Шпаргалка для грабителей - Гусев Валерий Борисович 9 стр.


Я понял, к чему весь этот разговор. И еще я понял, что Алешке уже недалеко до лысины. Если уж не по годам, то по уму – точно.

Глава IX

Отдых на берегу реки

 Уснули мы здорово. Прямо как провалились. И разбудил нас не солнечный луч на полу комнаты, не утренний птичий щебет в тенистых кронах лип и даже не голод в пустых животах. Нас разбудил какой-то сердитый стук. Это стучал в свою дверь папа – вчера мы забыли его отпереть.

Алешка вынырнул из-под одеяла, прошлепал босыми ногами к двери, повернул ключ (не открывая глаз), снова нырнул под одеяло и недовольно проворчал, отворачиваясь к стенке:

– Что ты запираешься, пап? Вампиров боишься?

Папа ничего не ответил, сердито прошел в санчик и зашумел там водой.

А когда мы по-настоящему проснулись, его уже не было в номере – уехал на работу.

– Раз так, – сказал Алешка, – то мы с тобой сегодня отдыхаем.

Какая тут логика, не знаю. Знаю только, что Алешка никогда ничего не делает просто так. Он как-то умеет не только решать неожиданные задачи, но и жить наперед. Как будто он всех, кто рядом, просчитывает. И когда он сказал, что мы идем на рыбалку, мне сразу стало ясно, что ловить на реке мы будем, конечно, не рыбу.

Мы собрали удочки, намяли для наживки черный хлеб, взяли с собой бутылку воды и зашагали под липами к реке.

– Дим, я тебя предупреждаю: если наловим много рыбы, отнесем ее Максимычу. Он нам сварит ухи и еще целую сковороду рыбы нажарит.

Главное здесь не уха и не жаренка, а главное здесь – «нам»!

Утро вообще-то уже близилось к полудню. Солнце пекло будь здоров, на небе – ни облачка, на земле – ни ветерка.

– Не будет клева, – сказал я. – Жарко.

– Вот и хорошо, – откликнулся Алешка. – Рыбе там в такую жару скучно, делать ничего не хочется, она и думает: поклевать, что ли? От нечего делать.

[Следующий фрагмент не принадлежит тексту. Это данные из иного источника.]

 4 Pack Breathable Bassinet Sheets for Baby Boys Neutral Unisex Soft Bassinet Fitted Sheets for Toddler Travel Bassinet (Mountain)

Я хотел что-нибудь возразить, но мне было лень. Как рыбе. Даже клевать ничего не хотелось.

Мы спустились к реке, выбрали местечко, где у самого берега собрались на тусовку реденькие кустики, и сначала стоя забросили удочки. Постояли. Полюбовались на замершие поплавки. Они только медленно сплавлялись вдоль берега по течению. Не шевелясь. Потом мы присели, воткнули удилища в песок.

– Попьем, что ли, водички? – спросил Алешка. – А то скучновато. – Он отвинтил пробку, сделал глоток. – Дим, тебе не кажется, что мы здесь не одни?

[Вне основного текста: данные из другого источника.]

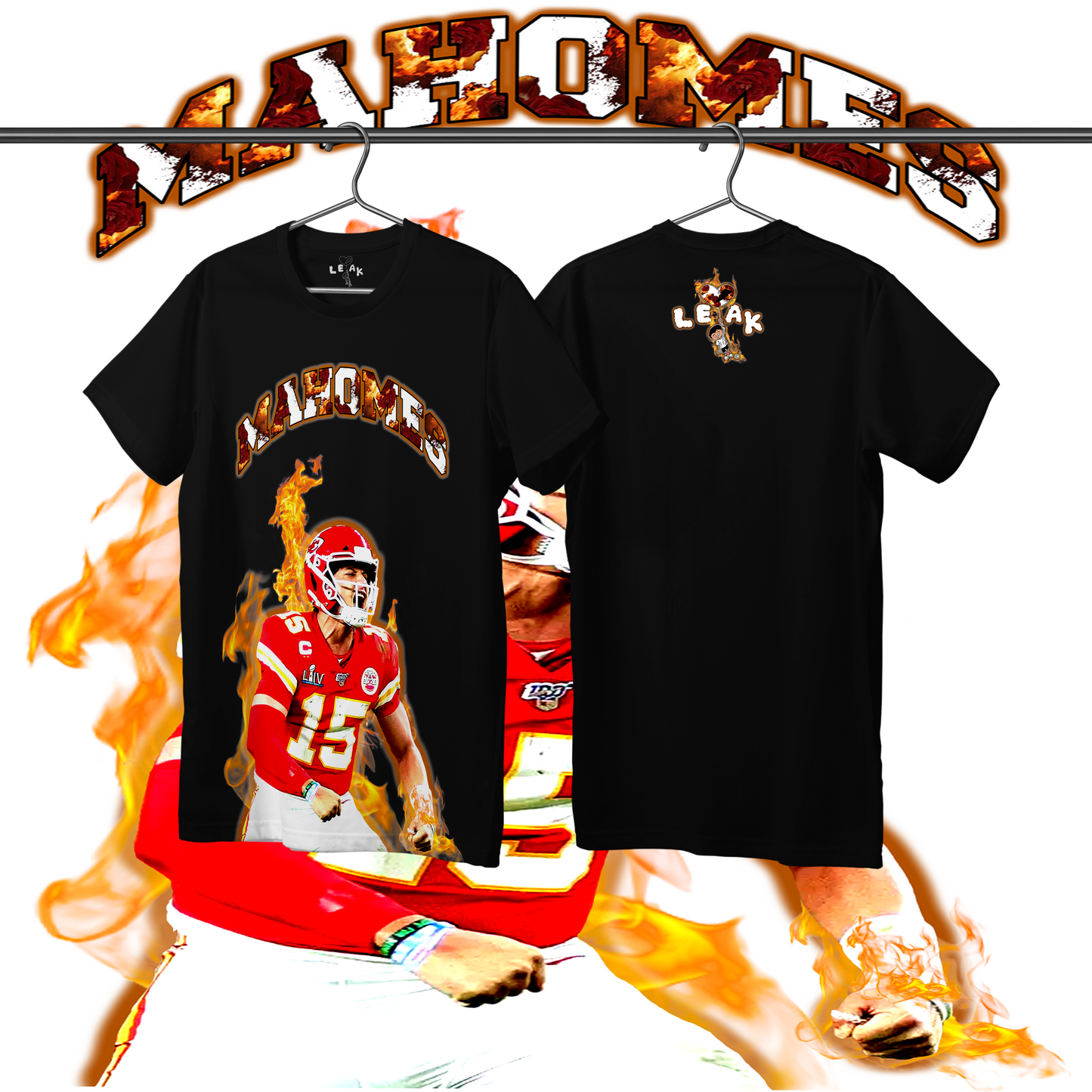 LEAK MAHOMES FLAMES & ROSES T-SHIRT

– Одни, Леш, – сонно кивнул я. – Даже рыба от нас отвернулась.

– А это что? – и Лешка показал на недалекий куст, из которого торчало над рекой длинное ореховое удилище. – Там тоже кто-то спит. Пойдем посмотрим.

Делать все равно нечего. Я перебросил наживку, снова укрепил удилище в песке, и мы пошли к соседнему кусту.

Под этим кустом спал Максимыч. Он очень интересно спал. Удобно прислонясь к стволу небольшой березки. Рядом с ним стояло ведро. Максимыч легонько похрапывал. А мы на него смотрели. Вдруг он резко подсек, выдернул из реки серебристую рыбку, бросил ее в ведро, осмотрел наживку, закинул удочку и снова уютно захрапел, уронив голову на свой круглый живот.

– Во дает! – сказал Алешка. – Рыбалка во сне. Надо попробовать.

– Не надо, – сказал Максимыч, не открывая глаз. – У вас не получится.

– Это еще почему? – возмутился Алешка.

– Потому что вы в Чайнике не сидели, – сонно пробормотал Максимыч, выдернул еще одну рыбку и бросил ее в ведро.

– А вы, что ль, сидели?

– Сколько раз.

– Чайник-то, наверное, большой был? Вроде троллейбуса? И на какой он плите стоял?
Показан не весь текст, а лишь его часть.